Los Angeles, California (CNN) -- Solemn music from the world's biggest stars served as the soundtrack to Friday night's telethon for Haiti relief, but the fundraiser ended with Wyclef Jean shouting "Enough of the moping, let's rebuild Haiti."

Organizers did not immediately say how much money was raised during the two-hour "Hope for Haiti Now" show, but donations will continue to flow in as the phone lines remained open and the night's musical performances are sold on iTunes.

A moving performance by Alicia Keys opened the telethon. Actor George Clooney, serving as the Los Angeles host for the event, made the first appeal for donations to raise money for relief efforts after last week's devastating earthquake.

"The Haitian people need our help," Clooney said. "They need to know they are not alone. They need to know that we still care."

The show was one of the most widely distributed prime-time televised benefits in history, appearing simultaneously on more than 25 networks -- including CNN, where Anderson Cooper reported live from Haiti during the event.

Video: 'Hope For Haiti Now'
Video: 'Hope for Haiti' Coldplay
Video: 'Hope for Haiti' Beyonce
Video: Clooney talks of telethon

Children left homeless and orphaned by the earthquake were front and center.

"Hundreds and thousands of children in Haiti are lost and they're looking for their parents," actress Halle Berry said. "Please, look into your heart. Please, help these children of Haiti."

Cooper, in one of several live appearances, was joined by 5-year-old Monley, a Haitian boy who was pulled alive -- but severely dehydrated -- from the rubble nearly eight days after the quake. Ten members of his family, including both parents, were killed.

Actor Samuel L. Jackson, walking in front of a phone bank staffed by celebrities, assured viewers that "100 percent of your donations will go directly to organizations that are on the ground right now."
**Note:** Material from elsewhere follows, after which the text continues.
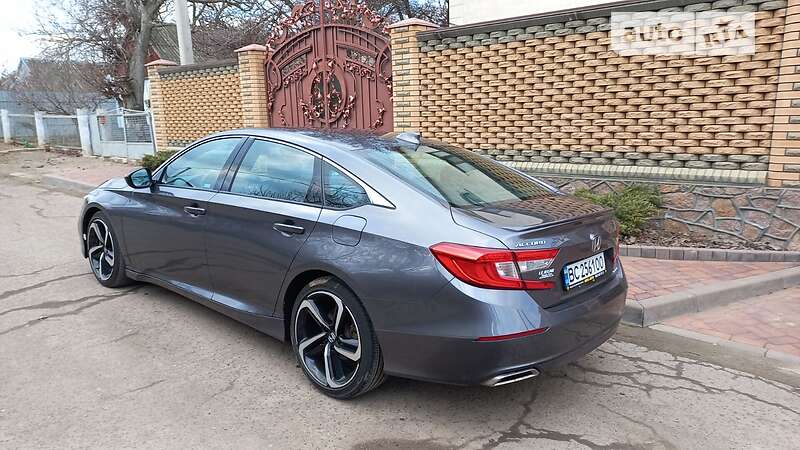 Седан Honda Accord 2018 в Николаеве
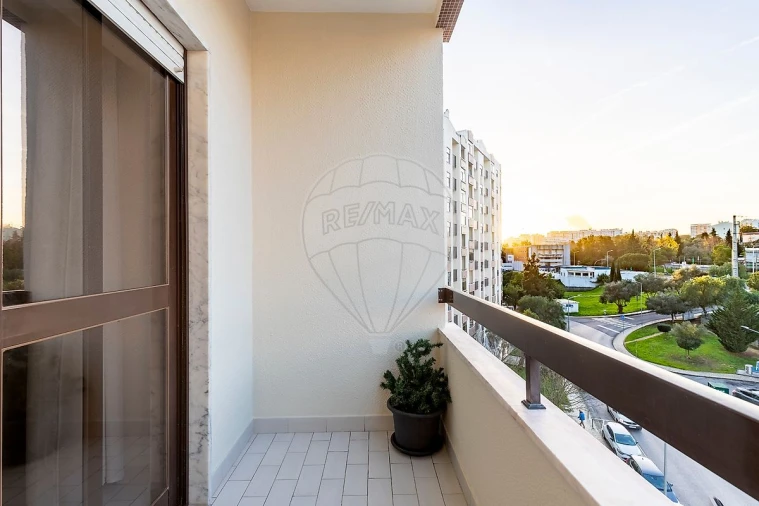 Apartamento T2 para Venda em Póvoa de Santa Iria e Forte da Casa Foto 8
More than 100 actors, musicians and other celebrities answered phones in New York and Los Angeles -- after professional operators first talked to donors.

"Thank you so much for your donation," actress Reese Witherspoon told one caller. "You can't imagine how much love and great, wonderful energy is here today. People are doing everything they can to make a difference in these people's lives."

"I'm just calling to help out," the male donor said. "I couldn't donate a lot, but what I could I did donate."

Several other calls were aired live, including with Julia Roberts, Steven Spielberg, Taylor Swift and Stevie Wonder.

Boxing great Muhammed Ali appeared with comedian Chris Rock by his side.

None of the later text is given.